#### Records for this exercise
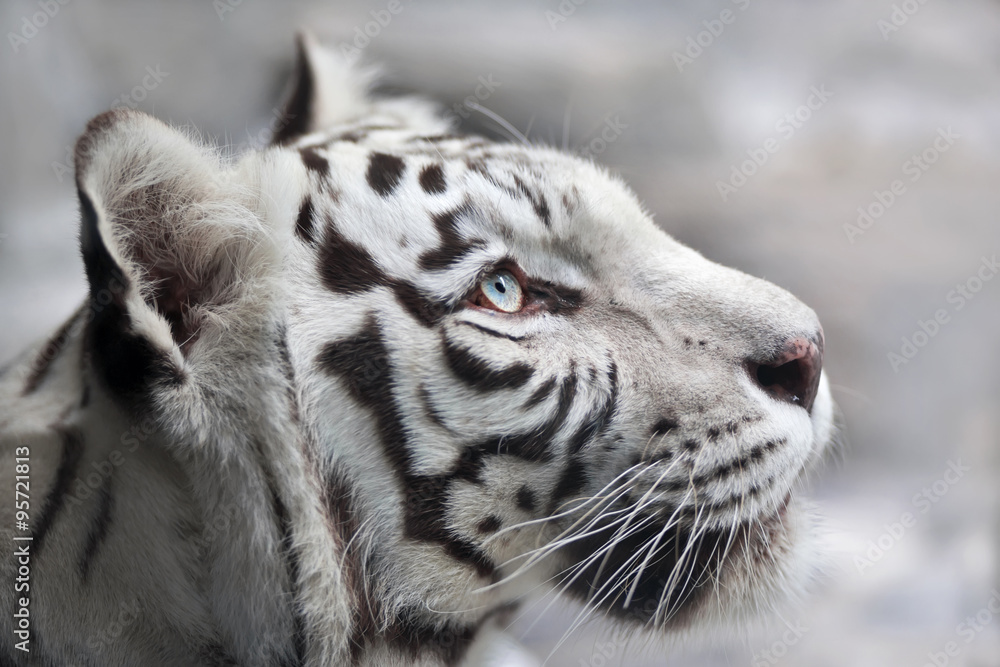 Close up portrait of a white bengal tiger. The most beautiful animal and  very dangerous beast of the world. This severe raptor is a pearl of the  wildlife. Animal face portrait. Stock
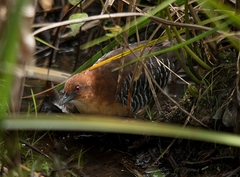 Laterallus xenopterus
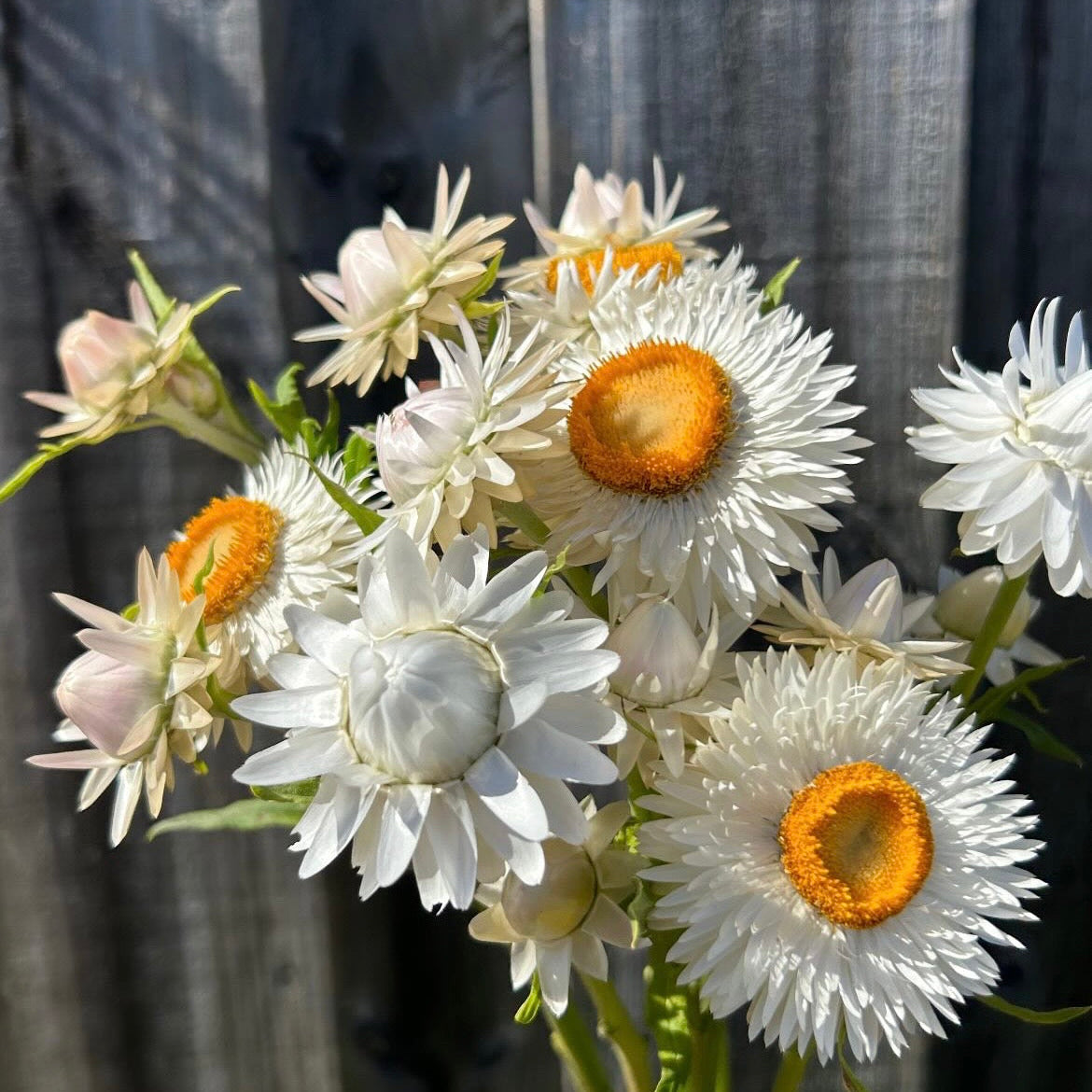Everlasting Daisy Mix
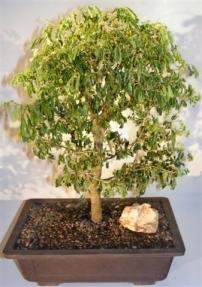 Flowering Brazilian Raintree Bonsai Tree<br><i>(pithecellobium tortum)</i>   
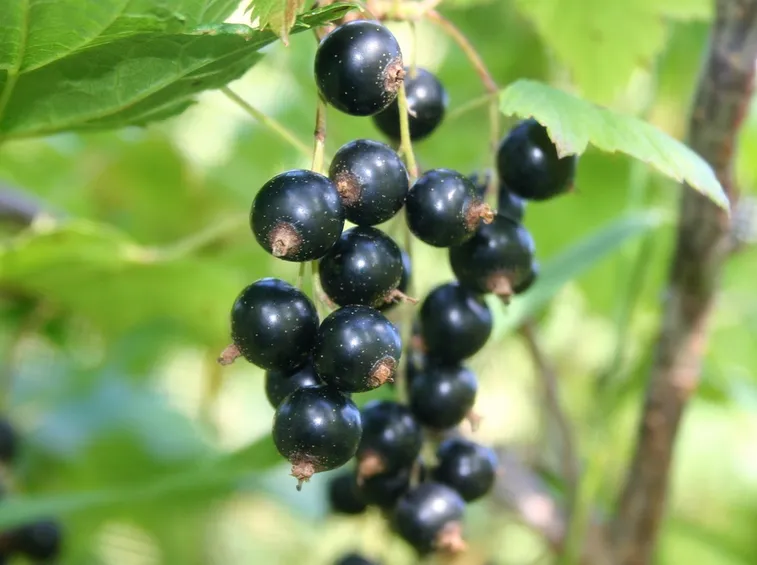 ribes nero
########
• **Work instruction**: Only the pictures are to be left out, and all of the data must otherwise be transcribed exactly.

• **Result for this exercise**:
 Close up portrait of a white bengal tiger. The most beautiful animal and  very dangerous beast of the world. This severe raptor is a pearl of the  wildlife. Animal face portrait. Stock
 Laterallus xenopterus
Everlasting Daisy Mix
 Flowering Brazilian Raintree Bonsai Tree<br><i>(pithecellobium tortum)</i>   
 ribes nero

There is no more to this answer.